LONDON (Financial Times) -- The U.K. has become the first country to approve a COVID-19 vaccine after large-scale clinical trials and will make the shot from BioNTech and Pfizer available for the first round of inoculations next week.
Germany's BioNTech and U.S. pharmaceutical company Pfizer said doses of the vaccine would be delivered to the U.K. in the coming days after the U.K.'s Medicines and Healthcare products Regulatory Agency announced the approval on Wednesday morning.
The BioNTech/Pfizer shot is 95% effective in preventing the disease, according to data released last month from the companies' Phase 3 trial, which involved more than 43,000 people.
"This is unquestionably good news but it is not the end of the story," Boris Johnson, U.K. prime minister, told members of parliament. Johnson has said the shot will be made available across the country from "next week," but cautioned that vaccinations would take time.
The inoculation, which uses novel mRNA technology, is still under review by U.S. and EU regulators. A decision from the U.S. Food and Drug Administration is expected in mid-December, but the Amsterdam-based European Medicines Agency has said it is unlikely to approve the jab until the end of the month.
China and Russia have approved COVID-19 vaccines for early or limited use but both countries authorized the shots without waiting for the results of Phase 3 trials, provoking criticism from some experts who cautioned that the rushed process was risky.
The MHRA approved the BioNTech/Pfizer shot following "an extremely thorough and scientifically rigorous review of all the evidence," said June Raine, the agency's chief executive. "The public can be absolutely confident that the standards we have worked to are equivalent to those around the world."

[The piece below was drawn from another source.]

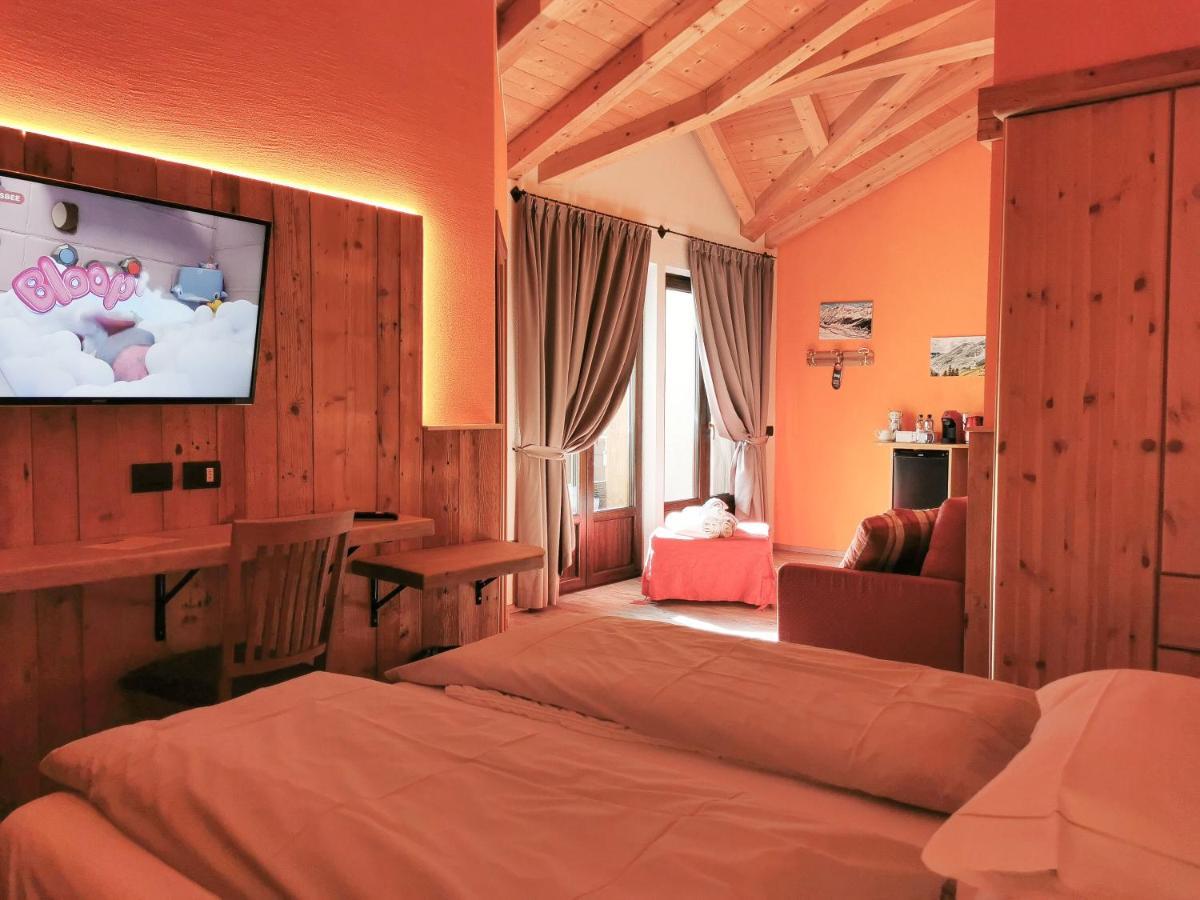 Agriturismo La Poina Livigno Eksteriør billede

Britain was the first country to reach an agreement with BioNTech/Pfizer for the supply of vaccines, ordering 30 million doses in July. It has since signed a deal for a further 10 million doses. About 10% of the U.K.'s total order is expected to be delivered before the end of the year.

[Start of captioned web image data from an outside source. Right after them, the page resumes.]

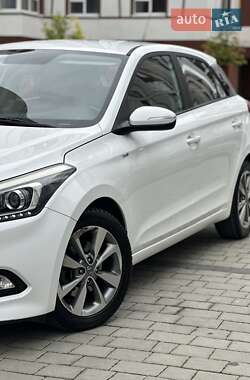 Хэтчбек Hyundai i20 2015 в 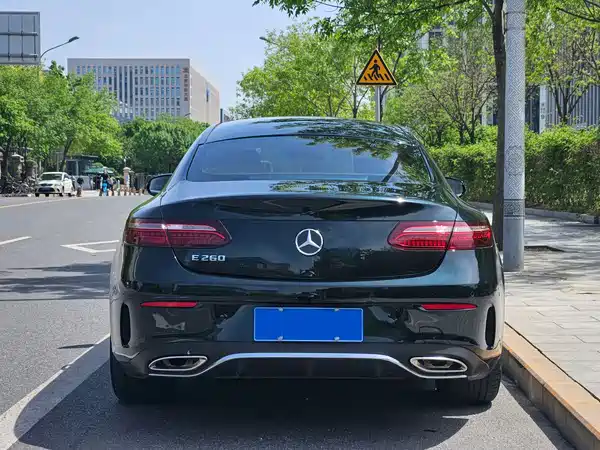 Mercedes-Benz E-Class 2023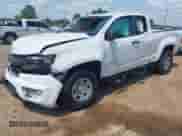 2019 Chevrolet Colorado 2WD Work Truck z VIN 1GCHSBEA8K1200888, wystawiony jako IAAI lot #42936958 z przebiegiem 67 918 mil mil oraz . Historia ofert i sprzedaży dostępna na DreamBid. Obrazek 2.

"We believe that the rollout of the vaccination program in the U.K. will reduce the number of people in the high-risk population being hospitalized," said Ugur Sahin, co-founder and chief executive of BioNTech.
Under provisional plans released by the U.K. government last month, the vaccine -- which requires two shots, at least 21 days apart -- will first be made available to care home residents and staff, before being administered to those aged over 80 and to frontline health workers.
Wei Shen Lim, chair of the U.K.'s Joint Committee on Vaccination and Immunization, confirmed that order of priority. The first phase would then be extended to younger age brackets eventually including all those over 50, and those aged between 16 and 64 with underlying health conditions, he said. "We hope 90%-99% of people at risk of dying from COVID-19 will be included or covered."
The U.K. is due to leave the EU's regulatory framework when the Brexit transition period ends on Dec. 31. It was able to approve the vaccine earlier than the rest of Europe by using a longstanding regulatory provision that allows it to diverge from the EMA in the case of urgent public need.
The MHRA is also examining data on vaccines developed by the U.S. biotech company Moderna and the partnership between the University of Oxford and AstraZeneca. In total, the British government has secured 357 million doses of seven separate vaccines.